The rapid growth in the use of NDT methods and techniques these days has resulted from demands by industry for improved quality and especially by the critical requirements in the fields of jet aircraft, missiles, and nuclear energy etc.

A number of other NDT methods exist. These are used only for specialized applications and consequently are limited in use. Some of these methods are as follows:

  1. Visual f. Acoustic (sonic and ultrasonic)
  2. Pressure and leak
  3. Penetrate
  4. Thermal
  5. Radiography (X-ray and gamma ray)
  6. Acoustic (sonic and ultrasonic)
  7. Magnetic
  8. Electrical and electrostatic
  9. Electromagnetic induction
  10. Others

Penetrant testing

The dye penetrant testing can be used to locate discontinuities on material surfaces. A highly penetrating dye on the surface will enter discontinuities after a sufficient penetration time, and after removing the excess dye with a developing agent, the defects on the surface will be visible.

Four stages of liquid penetrant process:

(a) Penetrant application and seepage into the discontinuity.
(b) Removal of excess penetrant.
(c) Application of developer, and
(d) Inspection for the presence of discontinuities.

Magnetic particle testing

Magnetic particle testing is accomplished by inducing a magnetic field in a ferromagnetic material and then dusting the surface with iron particles. The surface will produce magnetic poles and distort the magnetic field in such a way that the iron particles are attracted and concentrated making defects on the surface of the material visible.

Eddy current testing

It uses electromagnetic induction to detect flaws in conductive materials. There are several limitations, among them: only conductive materials can be tested, the surface of the material must be accessible, the finish of the material may cause bad readings, the depth of penetration into the material is limited by the materials’ conductivity, and flaws that lie parallel to the probe may be undetectable.

Radiographic testing method

Radiographic testing can be used to detect internal defects in castings, welds or forgings by exposure the construction to x-ray or gamma ray radiation. Defects are detected by differences in radiation absorption in the material as seen on a shadow graph displayed on photographic film or a fluorescent screen.

Ultrasonic testing

Ultrasonic Testing (UT) uses high-frequency sound waves (typically in the range between 0.5 and 15 MHz) to conduct examinations and make measurements. Besides its wide use in engineering applications (such as flaw detection/evaluation, dimensional measurements, material characterization, etc.), ultrasonic are also used in the medical field (such as sonography, therapeutic ultrasound, etc.).

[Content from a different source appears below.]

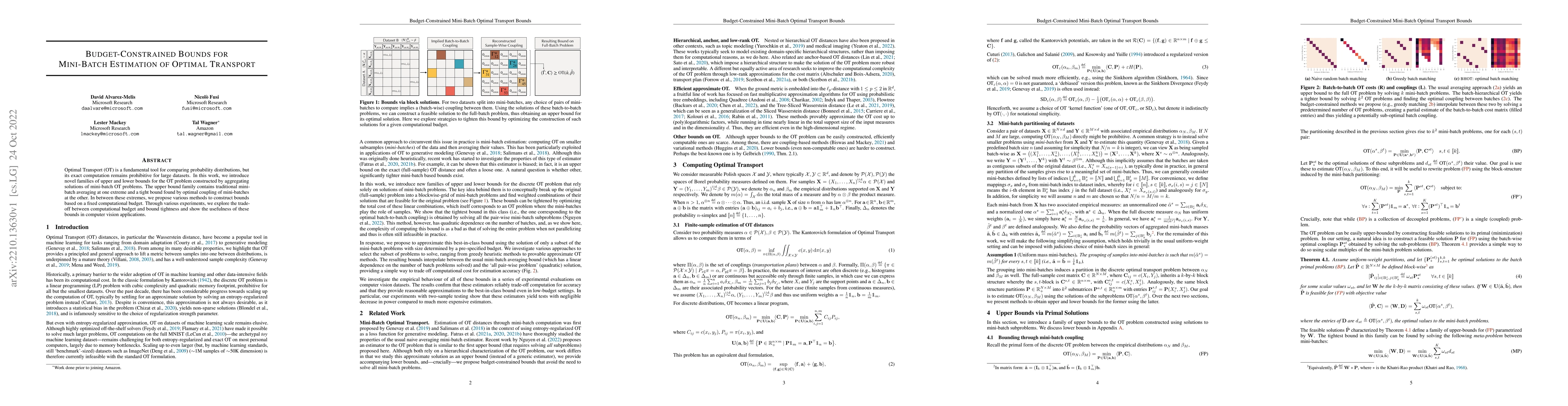 Thumbnail for Budget-Constrained Bounds for Mini-Batch Estimation of Optimal Transport
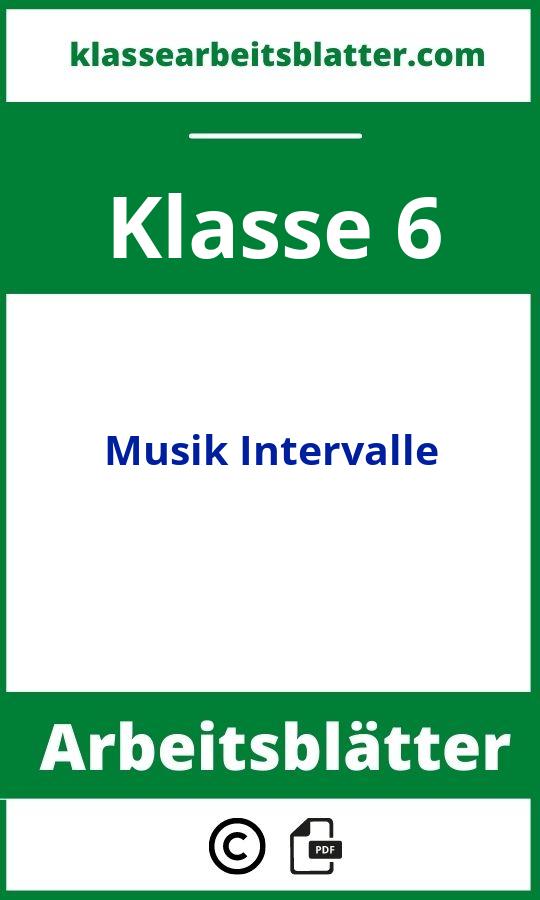 Arbeitsblätter Musik Klasse 6 Intervalle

In general, ultrasonic testing is based on the capture and quantification of either the reflected waves (pulse-echo) or the transmitted waves (through-transmission). Each of the two types is used in certain applications, but generally, pulse echo systems are more useful since they require one-sided access to the object being inspected.


Introduction to Ultrasound

Before defining ultrasonic waves it is better to discuss the propagation of sound in a medium, and this is demonstrated below in Fig.1. The vibration of the air by the voice in one of the compartments either left or right vibrates the thin paper right and left.

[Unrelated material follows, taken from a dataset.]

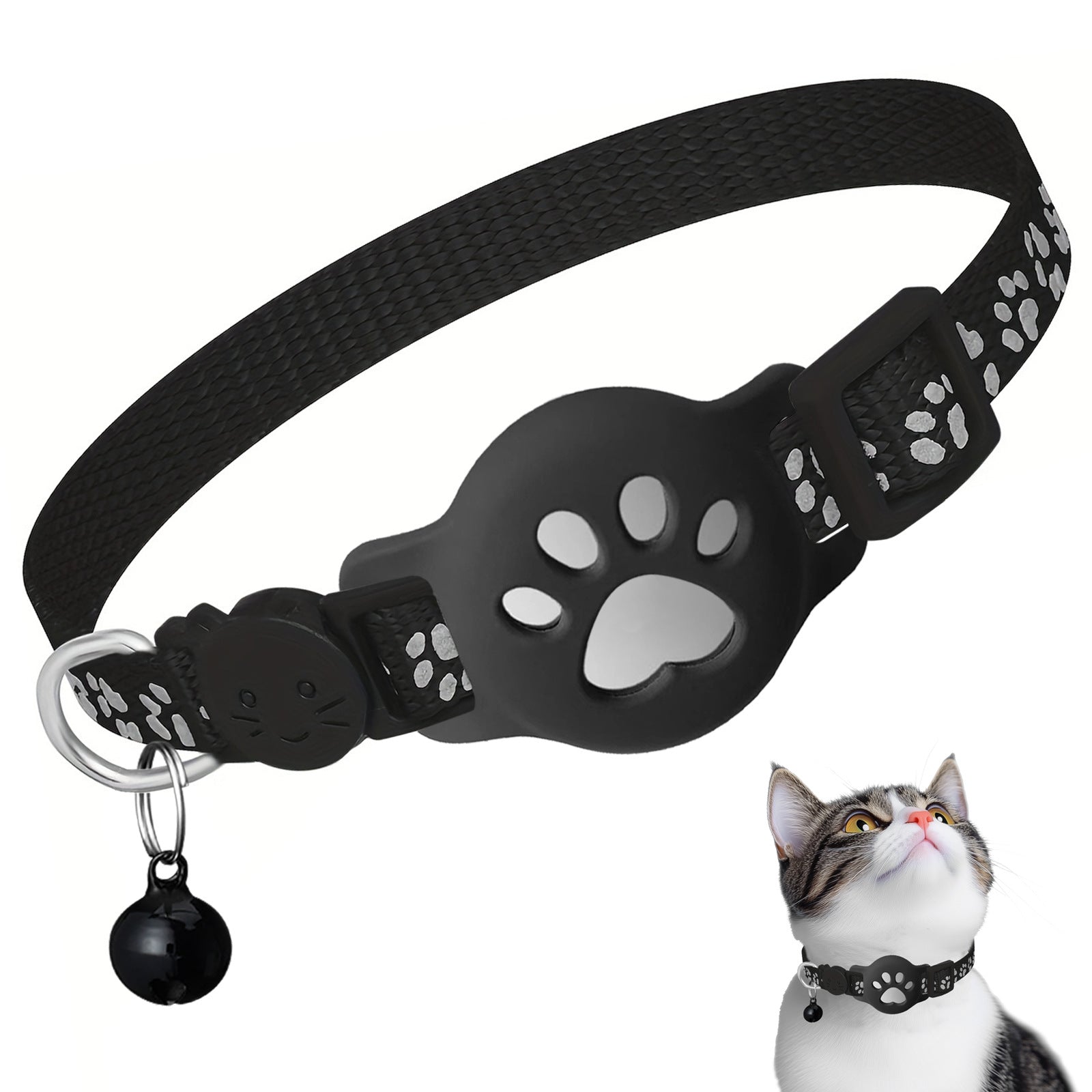 Reflective breakaway cat collar with silicone AirTag case, tag not included, product image 1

This vibration is carried in a string tensioned tightly to the left and reaches another thin paper of the left pipe, and the paper begins to vibrate right and left. Then, the air in the left pipe vibrates and the vibration reaches the ear and we can hear the voice.

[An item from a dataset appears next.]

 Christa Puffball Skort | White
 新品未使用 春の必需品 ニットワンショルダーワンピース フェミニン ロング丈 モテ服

Figure1.1 Principle of sound propagation

We human beings can hear a sound of a frequency ranging from about 20 to 20000 HZ. When we become older, it becomes difficult for us to hear a sound of higher frequency.

All sounds are produced by vibrations in bodies. In musical instruments, the sound is emitted by vibrating strings or a reed. Our voice is the result of vibrations of our vocal cords. The number of vibrations a body makes per second is called its frequency and is commonly referred to as hertz.

Ultrasound is defined as “…sound waves having a frequency above the limits of human hearing, or in excess of 20,000 cycles per second (hertz).” So by definition, ultrasound is totally undetectable by human ears unless aided by instruments capable of translating ultrasound to audible sound.


Figure1.2 Frequency ranges corresponding to ultrasound, with rough guide of some applications

Characteristics of wave propagation

The number of cycles per unit of time is called the frequency. For convenience, the frequency is most often measured in cycles per second (cps) or the interchangeable Hertz (Hz) (60 cps = 60 Hz). It is denoted by letter f.

1 H z =1 cycle per second

1 KHz = 1000 Hz = 1000 cycles per second

1 MHz = 1000000 Hz = 1000000 cycles per second


Figure1.3 Frequency of different hertz

Wave Length

The distance between one peak or crest of a wave and the next peak or crest. It is equal to the speed of the wave divided by its frequency, and to the speed of a wave times its period. It is denoted by Greek letter λ.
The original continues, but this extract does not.